I have zero experience with water features, so I can't speak on that. I do like how it's set up thus far though! A big brom in the middle of the driftwood might look cool.


----------



## Encyclia (Aug 23, 2013)

Sorry, RoadtoSwole, there are just so many of these newbie threads that sometimes folks can't get to them all. They are not commonly a quick post, either, so they represent an effort on the part of the commenter. Every single thing I will comment on has been addressed ad nauseum in LOTS of other threads. That's why people recommend the search bar (as poor as it is). It's nothing personal. 

I can't tell from your video, but is there a false bottom under there? If the substrate is just in contact with the bottom of the tank, I would recommend either a clay ball layer covered with a fiberglass screen layer to separate the substrate from the drainage layer OR a false bottom separated by egg crate or the like. If that is what is down there, it is not obvious to me in the video. You should probably have at least an inch of drainage layer, probably closer to 1.5 or 2 inches. That gives the water a place to go without keeping your substrate damp and ruining it (and, likely, the tank, over time).

Try not to get too fancy with the substrate. The gravel looks cool on day 1, but will end up getting mixed in with everything else over time. I would just have substrate with leaf litter on top (all of that on top of the drainage layer). That's what the frogs like. Everything else is just for you (which is fine, just use frog welfare as a justification). 

The hardscape is just fine. That is a great piece of wood and you have used it well. The piece of styrofoam in the back may or may not be good for your frogs long term. I am no expert on the chemistry, but I don't use styrofoam in any of my builds. You don't have to have a background at all. There are lots of options for building cool backgrounds including my favorite - the cork mosaic - that I use in all of my tanks. That one is safe, to the best of my knowledge. If you have alot of empty (negative) space up high in the front middle of the tank, you can always add some more branches. The frogs will probably climb on them regularly.

Plants can be planted in the substrate under the leaf litter. They can also be attached to the driftwood and to the background. I do all of the above in my tanks. I love me some bromeliads and most would do great in any aerial position (NOT planted in the substrate). You can use floral wire to attach broms to the hardscape until their roots hold them in place.
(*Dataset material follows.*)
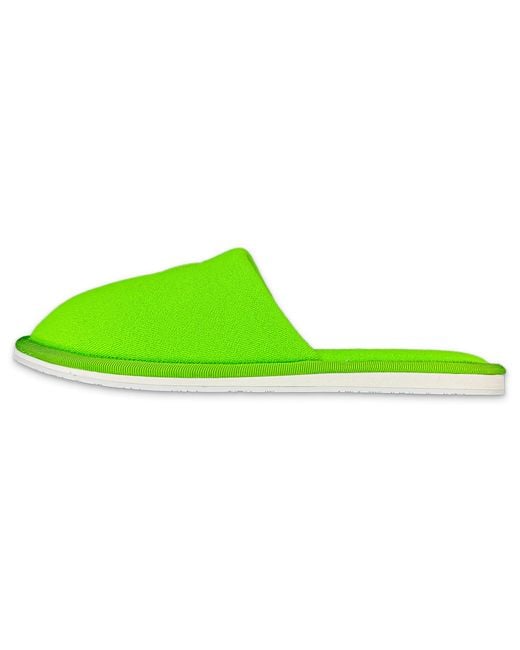 Chrome Hearts Green Hotel Slippers Chrm1450" for men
The frogs you have chosen are an EXCELLENT choice for a first frog. Leucs are some of my all time favorites. They are gorgeous, have an enchanting call, do well in groups and breed readily in most cases. You will love them.

NO WATER FEATURE. Those are where first tanks go to die. Here is a great thread to peruse before you attempt it.
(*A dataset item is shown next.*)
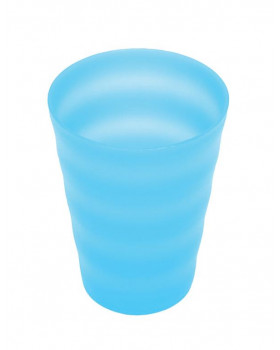 Plastový pohárik - svetlomodrý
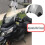 Adjustable universal clear windshield for motorcycles, windshield extension, air deflector 2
http://www.dendroboard.com/forum/general-discussion/288609-whats-water-features.html

On the other hand, hooking up that misting system is a great idea. They work great and are expandable as you add tanks. 

That's what I have time for, for now. Best of luck in your build and I will try to check back if you have further questions.

Mark


----------



## TheRoadToSwole (Jun 19, 2017)

Encyclia said:


> Sorry, RoadtoSwole, there are just so many of these newbie threads that sometimes folks can't get to them all. They are not commonly a quick post, either, so they represent an effort on the part of the commenter. Every single thing I will comment on has been addressed ad nauseum in LOTS of other threads. That's why people recommend the search bar (as poor as it is). It's nothing personal.
> 
> I can't tell from your video, but is there a false bottom under there? If the substrate is just in contact with the bottom of the tank, I would recommend either a clay ball layer covered with a fiberglass screen layer to separate the substrate from the drainage layer OR a false bottom separated by egg crate or the like. If that is what is down there, it is not obvious to me in the video. You should probably have at least an inch of drainage layer, probably closer to 1.5 or 2 inches. That gives the water a place to go without keeping your substrate damp and ruining it (and, likely, the tank, over time).
> 
> ...


Thanks for the reply Mark!! I completely understand that it would be tough to help every little frog noob in need! I`m all for putting in the work to figure out the needs of a creature. Like i said, i`m sure it leads to a deeper knowledge base.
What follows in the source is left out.